It’s Science, Jim, But Not As We Know It.
There are three elements in music – rhythm, melody and harmony. Like other elements, they combine into the various compounds which constitute music. When tricky moments occur, the problem could be caused by one or more elements and some degree of separation may be required to locate the culprit. This is a process with which pupils may be familiar, through Science. Examing the relationship between component parts in a given scientific field often involves:
- keeping one constant
- varying the second
- measuring the effect of this variation on the third
An example of this includes investigations into temperature, pressure and volume, in Physics. If two or three were varied, one could not say with certainty which had caused the result.
Our equivalent of this in music is to separate the elements and conquer problems one by one. When we feel that the elements present no further problem, we look into any problems caused by their combination:
- Rhythm only – on a single note (usually an open string – to rest the left hand)
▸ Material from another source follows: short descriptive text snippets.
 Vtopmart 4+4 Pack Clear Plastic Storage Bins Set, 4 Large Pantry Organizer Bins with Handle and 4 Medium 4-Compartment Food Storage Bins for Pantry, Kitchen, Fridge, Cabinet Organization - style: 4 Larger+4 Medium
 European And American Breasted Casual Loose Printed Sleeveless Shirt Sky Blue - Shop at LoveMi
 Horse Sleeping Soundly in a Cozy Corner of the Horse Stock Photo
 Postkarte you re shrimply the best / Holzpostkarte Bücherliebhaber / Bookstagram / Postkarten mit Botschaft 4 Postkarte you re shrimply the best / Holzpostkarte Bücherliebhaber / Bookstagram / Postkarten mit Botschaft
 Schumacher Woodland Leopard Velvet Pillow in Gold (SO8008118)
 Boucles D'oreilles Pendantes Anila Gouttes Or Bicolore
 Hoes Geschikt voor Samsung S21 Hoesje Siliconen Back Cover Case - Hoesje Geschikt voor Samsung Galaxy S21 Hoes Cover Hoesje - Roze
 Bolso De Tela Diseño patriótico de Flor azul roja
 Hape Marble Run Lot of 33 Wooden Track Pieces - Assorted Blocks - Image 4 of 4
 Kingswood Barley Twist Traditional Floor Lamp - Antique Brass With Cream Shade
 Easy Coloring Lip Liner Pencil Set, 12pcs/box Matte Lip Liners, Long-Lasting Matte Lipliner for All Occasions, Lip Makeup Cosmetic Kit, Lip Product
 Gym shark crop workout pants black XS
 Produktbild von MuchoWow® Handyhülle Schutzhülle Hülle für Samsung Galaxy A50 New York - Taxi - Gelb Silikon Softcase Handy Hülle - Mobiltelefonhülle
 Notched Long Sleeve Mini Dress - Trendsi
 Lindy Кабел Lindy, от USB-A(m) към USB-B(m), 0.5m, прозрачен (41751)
- Melody only – with all notes being afforded the same long duration i.e. no real rhythm
- Harmony only – block chords played with no rhythm
- Melody with correct rhythm – still without harmony
- Harmony with its correct rhythm – without melody
- Harmony with melody – without rhythm
All three together
It is easier to identify the individual elements more easily in some scores than others. If necessary, it is worth using software to extract (and resave) each element from the mix so that it can be considered in isolation.